» REQUIRED ACTION
Using the records that follow, copy every line containing the word "فرهنگیان".

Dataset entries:
- - - - - - -

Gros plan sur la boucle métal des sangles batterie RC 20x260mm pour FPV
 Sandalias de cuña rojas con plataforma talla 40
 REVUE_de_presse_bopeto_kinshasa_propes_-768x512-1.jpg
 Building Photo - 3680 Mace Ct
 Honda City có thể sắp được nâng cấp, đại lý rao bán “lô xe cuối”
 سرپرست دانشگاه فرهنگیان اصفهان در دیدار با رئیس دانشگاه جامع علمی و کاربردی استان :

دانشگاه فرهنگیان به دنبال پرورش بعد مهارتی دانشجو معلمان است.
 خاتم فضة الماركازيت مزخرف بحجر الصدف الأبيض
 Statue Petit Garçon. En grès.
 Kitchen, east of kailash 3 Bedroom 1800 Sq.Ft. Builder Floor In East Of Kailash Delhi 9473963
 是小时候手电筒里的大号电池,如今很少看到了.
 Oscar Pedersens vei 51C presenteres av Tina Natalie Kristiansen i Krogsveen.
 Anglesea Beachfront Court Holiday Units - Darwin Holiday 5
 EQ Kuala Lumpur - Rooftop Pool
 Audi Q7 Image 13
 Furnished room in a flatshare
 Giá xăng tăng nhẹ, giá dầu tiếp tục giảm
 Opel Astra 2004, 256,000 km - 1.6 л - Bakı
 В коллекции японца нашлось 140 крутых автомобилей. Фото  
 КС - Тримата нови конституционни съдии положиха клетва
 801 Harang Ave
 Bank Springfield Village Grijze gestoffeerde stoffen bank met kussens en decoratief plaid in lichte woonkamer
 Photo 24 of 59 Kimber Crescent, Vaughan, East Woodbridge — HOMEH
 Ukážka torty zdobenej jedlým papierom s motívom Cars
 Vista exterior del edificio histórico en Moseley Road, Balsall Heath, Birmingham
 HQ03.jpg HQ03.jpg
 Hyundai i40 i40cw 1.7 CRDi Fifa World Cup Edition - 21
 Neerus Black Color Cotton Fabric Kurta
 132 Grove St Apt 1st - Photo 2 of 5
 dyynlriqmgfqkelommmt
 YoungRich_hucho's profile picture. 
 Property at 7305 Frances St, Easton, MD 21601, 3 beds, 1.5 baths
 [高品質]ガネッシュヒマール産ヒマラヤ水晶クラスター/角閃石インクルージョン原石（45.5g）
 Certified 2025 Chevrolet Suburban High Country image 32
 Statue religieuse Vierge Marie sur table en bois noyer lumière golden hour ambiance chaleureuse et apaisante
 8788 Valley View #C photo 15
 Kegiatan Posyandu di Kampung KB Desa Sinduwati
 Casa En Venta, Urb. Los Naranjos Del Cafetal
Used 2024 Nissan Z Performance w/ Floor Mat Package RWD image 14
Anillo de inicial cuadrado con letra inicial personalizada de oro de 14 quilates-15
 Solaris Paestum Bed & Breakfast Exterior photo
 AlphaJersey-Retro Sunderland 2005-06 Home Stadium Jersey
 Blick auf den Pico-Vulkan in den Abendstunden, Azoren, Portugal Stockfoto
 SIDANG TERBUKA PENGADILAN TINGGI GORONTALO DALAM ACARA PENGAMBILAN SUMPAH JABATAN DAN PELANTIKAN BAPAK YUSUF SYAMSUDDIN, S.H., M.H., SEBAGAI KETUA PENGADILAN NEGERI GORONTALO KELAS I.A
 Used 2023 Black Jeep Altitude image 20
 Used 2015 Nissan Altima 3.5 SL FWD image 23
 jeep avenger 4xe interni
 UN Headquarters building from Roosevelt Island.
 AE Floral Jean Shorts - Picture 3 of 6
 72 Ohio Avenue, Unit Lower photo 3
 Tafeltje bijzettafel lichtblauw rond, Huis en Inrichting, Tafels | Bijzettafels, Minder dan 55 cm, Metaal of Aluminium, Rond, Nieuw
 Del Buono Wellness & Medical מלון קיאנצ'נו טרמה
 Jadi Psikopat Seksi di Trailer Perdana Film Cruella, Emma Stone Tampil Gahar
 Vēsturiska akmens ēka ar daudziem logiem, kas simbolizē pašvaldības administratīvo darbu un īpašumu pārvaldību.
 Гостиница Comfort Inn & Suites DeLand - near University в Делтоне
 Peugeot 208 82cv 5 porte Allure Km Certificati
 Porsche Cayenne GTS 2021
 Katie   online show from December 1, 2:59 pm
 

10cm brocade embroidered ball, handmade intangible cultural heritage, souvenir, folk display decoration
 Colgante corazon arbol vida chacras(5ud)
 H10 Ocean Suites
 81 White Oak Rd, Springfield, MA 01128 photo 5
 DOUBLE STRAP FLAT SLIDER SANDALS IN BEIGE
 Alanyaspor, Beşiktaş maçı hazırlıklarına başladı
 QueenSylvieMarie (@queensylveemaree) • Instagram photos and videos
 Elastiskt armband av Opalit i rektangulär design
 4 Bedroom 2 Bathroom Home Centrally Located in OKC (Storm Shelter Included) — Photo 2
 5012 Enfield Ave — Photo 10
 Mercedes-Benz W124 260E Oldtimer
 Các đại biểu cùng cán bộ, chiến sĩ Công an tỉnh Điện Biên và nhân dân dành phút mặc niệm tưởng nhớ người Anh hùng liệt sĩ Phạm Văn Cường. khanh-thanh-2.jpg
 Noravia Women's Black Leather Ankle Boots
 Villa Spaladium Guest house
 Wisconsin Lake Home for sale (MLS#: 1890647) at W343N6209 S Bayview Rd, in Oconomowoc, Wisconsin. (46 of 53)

- - - - - - -

» RESPONSE TO THE EXERCISE
 سرپرست دانشگاه فرهنگیان اصفهان در دیدار با رئیس دانشگاه جامع علمی و کاربردی استان :
دانشگاه فرهنگیان به دنبال پرورش بعد مهارتی دانشجو معلمان است.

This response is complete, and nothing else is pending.